And speaking of nudity, Brattleboro, Vermont, long a bastion of liberalism, made it into the news this summer after enacting a controversial public nudity ban. Any time some utopia of unclad young people gets started, it just takes one stupid, naked old man to bring it down. In this case 68-year-old Clayton Crowe showed up in downtown Brattleboro, all the way from Arizona, for a clothing-optional summer vacation. He was attracted by all the media attention over a dozen or more nude teenagers hanging out in a local parking lot. Mr. Crowe’s appearance at Brattleboro’s Gallery Walk wearing a fanny pack and a smile did not endear him to anyone. A member of the Brattleboro Selectboard, Dick DeGray, was quoted in many news articles saying "Just because you can doesn't mean you should." And really, Etiquetteer could not agree more. To paraphrase an old song, "You’re Never Fully Dressed Without Your Clothes."

It shouldn’t take a law for people to know that you should wear clothes in the downtown business district! Wear your birthday suit to the swimmin’ hole, the hiking trail, or public facilities where it’s the dress code. And while Etiquetteer Wags an Admonitory Digit at the Unclad Youth of Downtown Brattleboro, they have at least the excuse of youthful rebellion and ignorance. Mr. Crowe, however, is way old enough to know better at his age.
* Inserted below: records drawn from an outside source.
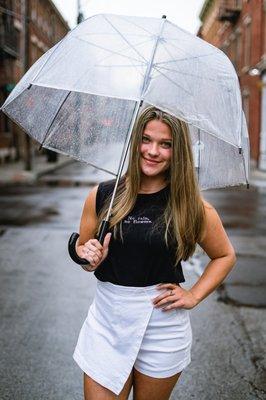 This pre-loved top is embroidered with the saying, "No rain, no flowers."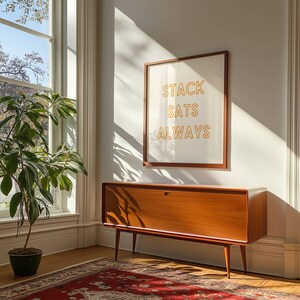 May include: A mid-century modern wooden cabinet with a single door and a light wood finish. The cabinet is sitting on a rug in front of a white wall with a framed print that reads "STACK SATS ALWAYS" in orange letters.
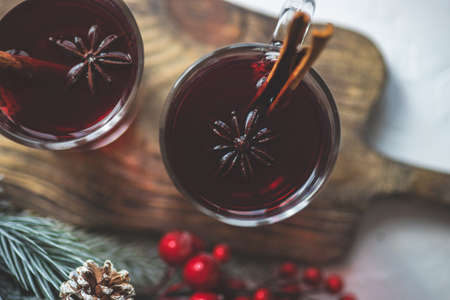 Traditional winter drink  mulled wine and Christmas decorations on white rustic background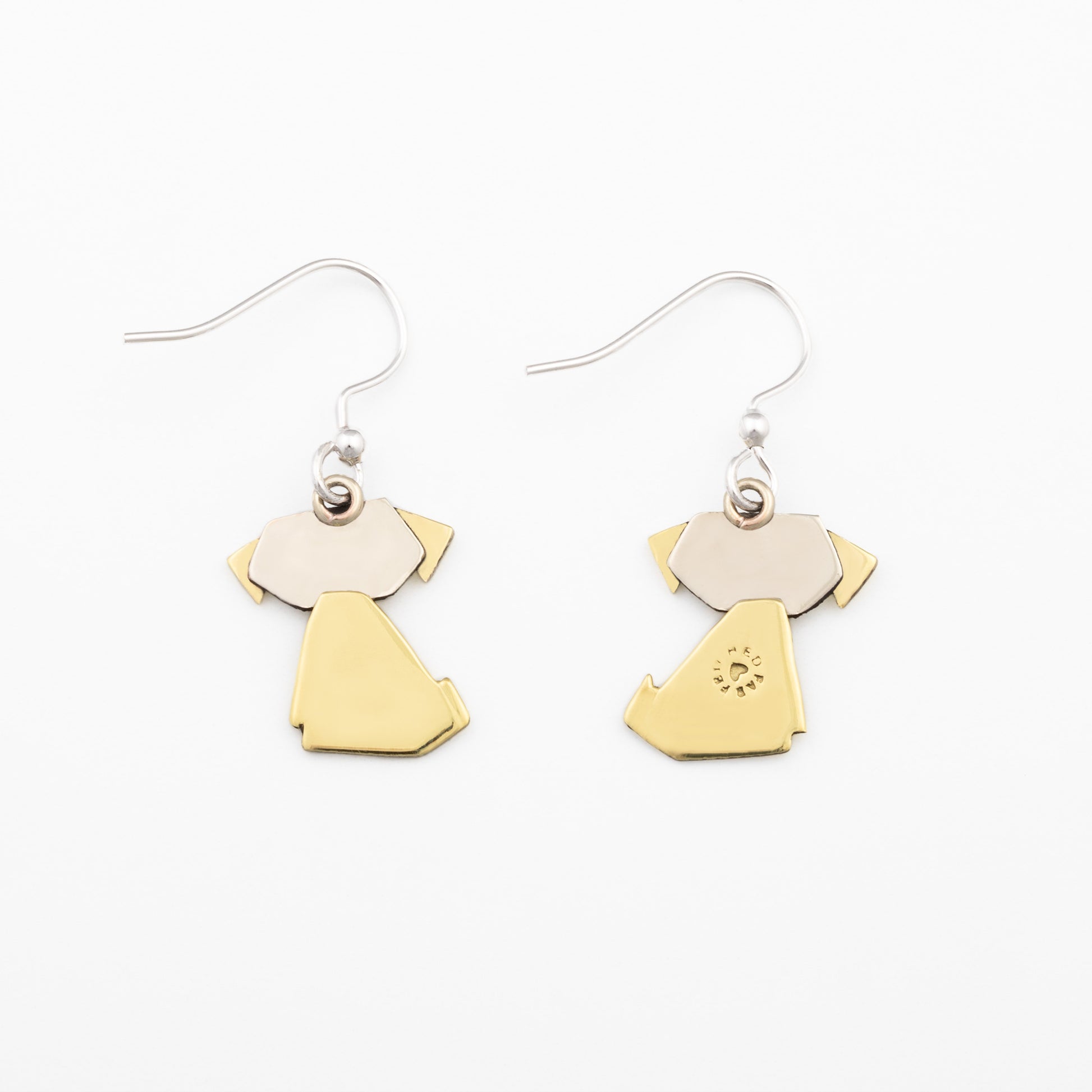 The backs of a pair of earrings with brass and silver dog-shaped pendants on a white background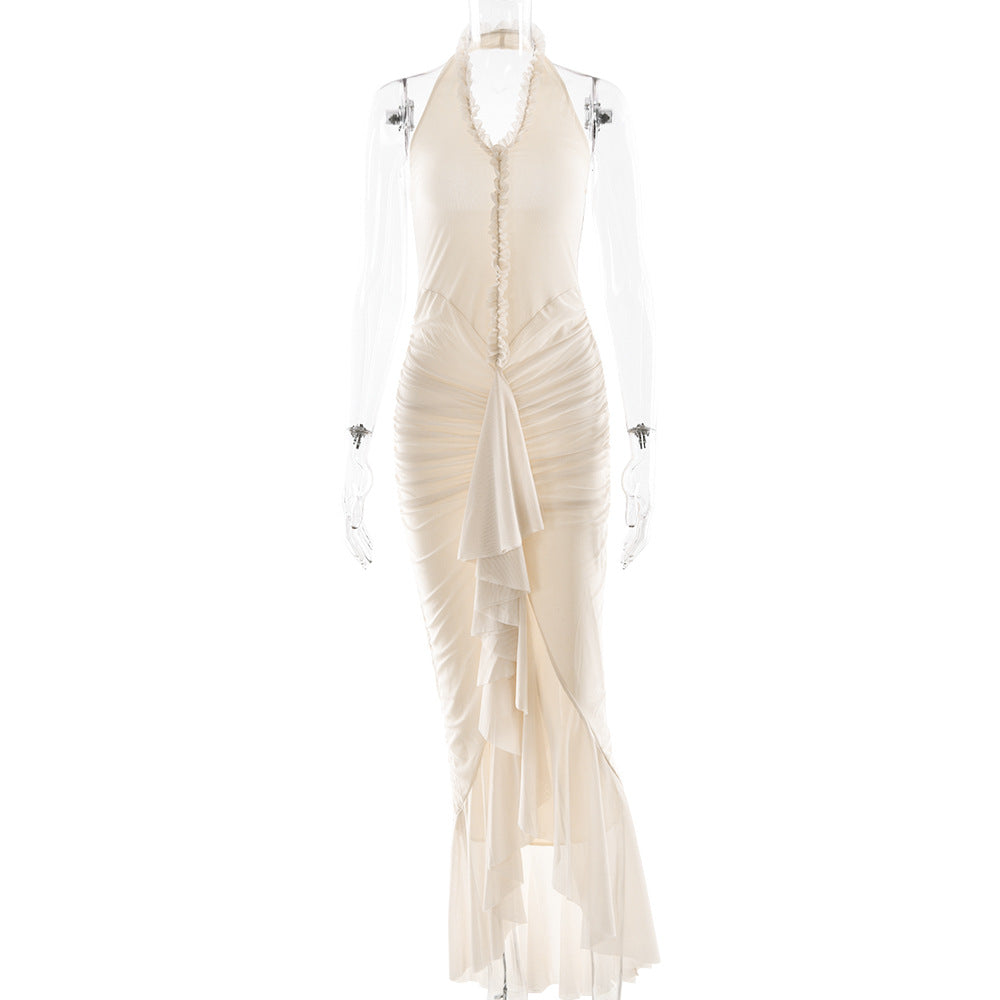 Cream halter maxi dress with deep V neckline, ruffled pleats, and long slit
November 10 King Juan Carlos of Spain memorably asked Venezualan dictator Hugo Chavez "Why don’t you shut up?" Unfortunately Chavez was ranting and insulting other diplomats by calling them mean names like "fascist." Etiquetteer can only offer the advice of his mother: "When you lose your temper you lose your point." Unfortunately the real downside of this diplomatic incident is that its recording has become a popular ringtone.

And speaking of popular ringtones, "Don’t tase me, bro!" has become a universal catchphrase since Andrew Meyer was subdued by campus police at the University of Florida. Apparently Mr. Meyer "jumped the queue" during a student forum with failed presidential candidate Senator John Kerry in September and "the event organizers were unhappy with his line of questioning." Etiquetteer certainly hopes that Mr. Meyer has learned his lesson about waiting his turn in line! He could also have remained more composed at the microphone, which might have kept the event organizers and the police from taking the actions they did. Senator Kerry could and should have been allowed to interact with this young man, who could have an important future if he partners with Perfect Propriety.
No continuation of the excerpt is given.